**WORK TO BE COMPLETED:**
Here the job is to transcribe the data verbatim while leaving each picture out.

**SOURCE MATERIAL:**
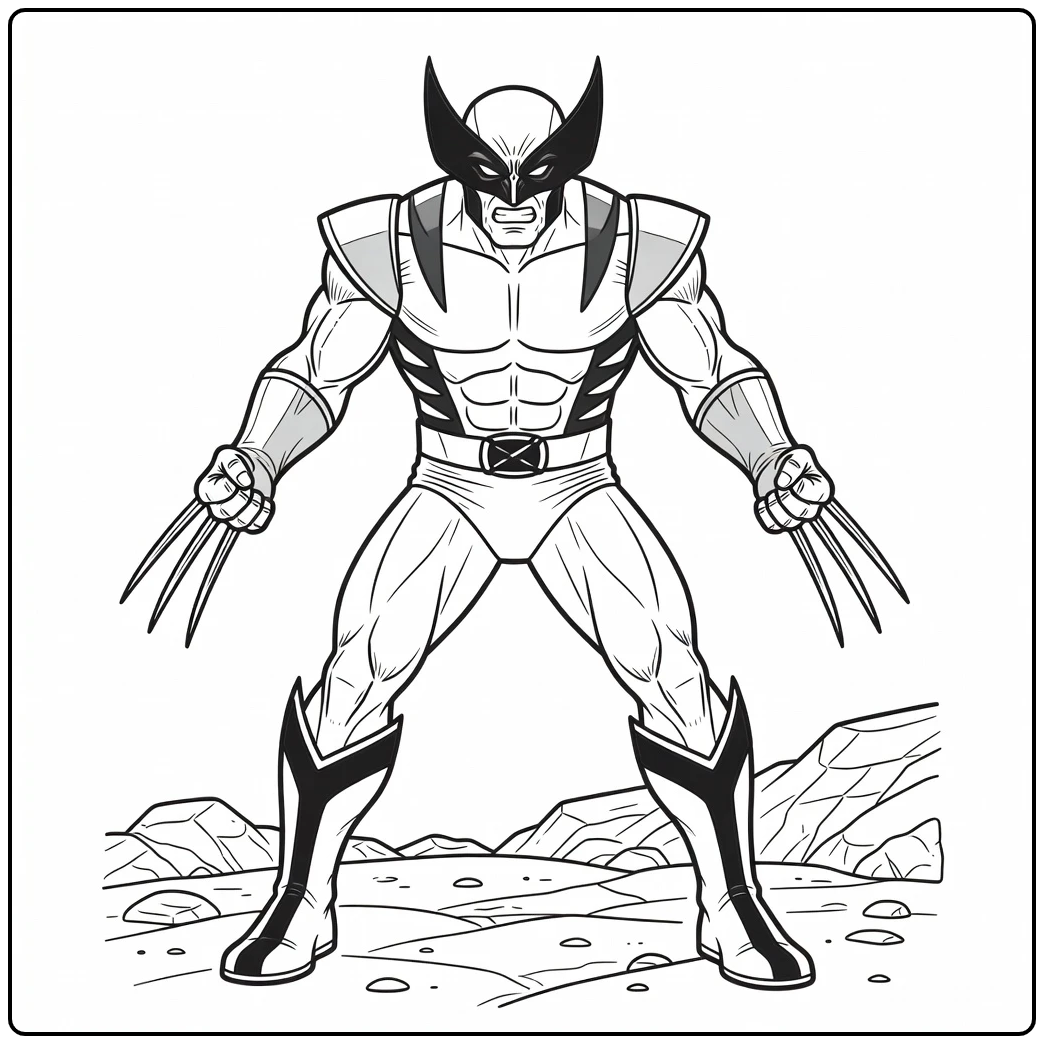 Fierce Wolverine met klauwen in deze wolverine kleurplaat.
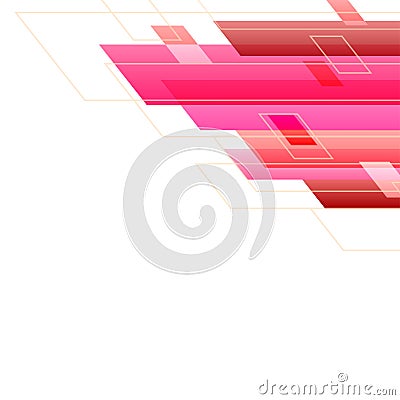 Pink Tone Abstract Square Technology White Background. Vector Illustration. Vector Illustration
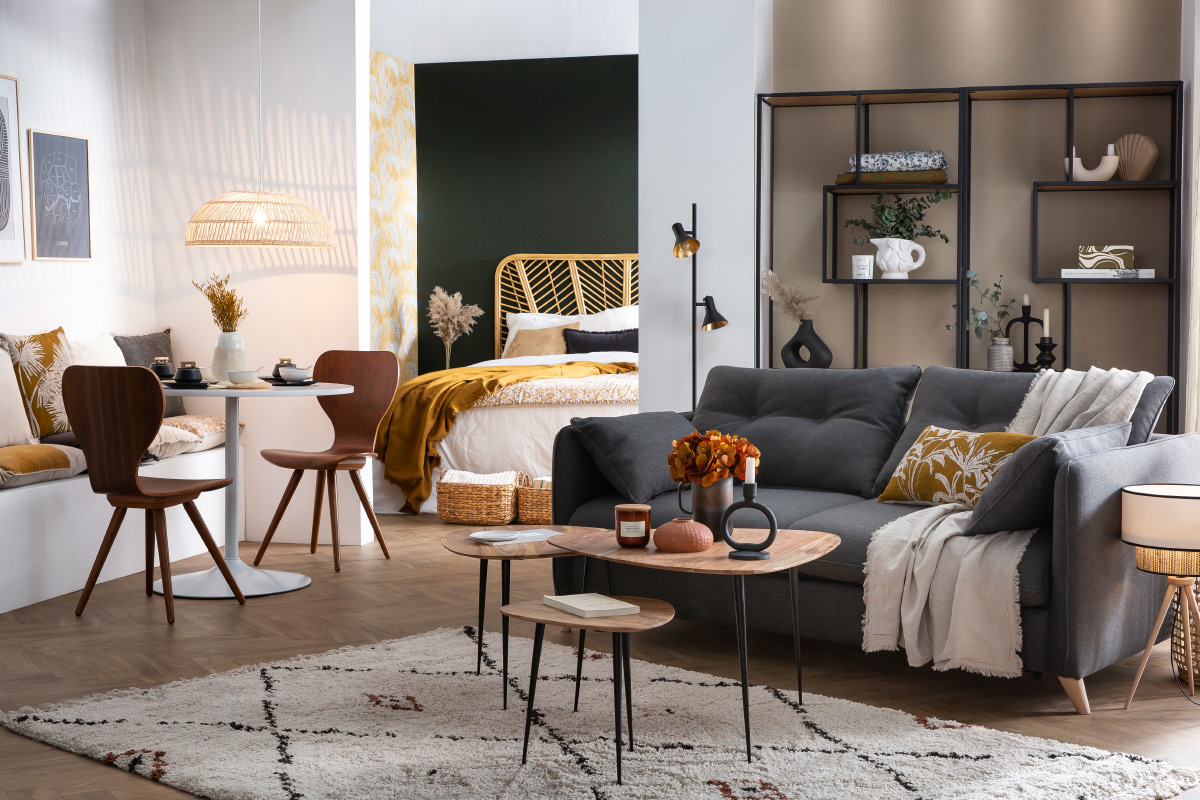 Canap� convertible scandinave 3 places en tissu gris anthracite et bois clair GUILTY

**RESULT FOR THIS TASK:**
 Fierce Wolverine met klauwen in deze wolverine kleurplaat.
 Pink Tone Abstract Square Technology White Background. Vector Illustration. Vector Illustration
 Canap� convertible scandinave 3 places en tissu gris anthracite et bois clair GUILTY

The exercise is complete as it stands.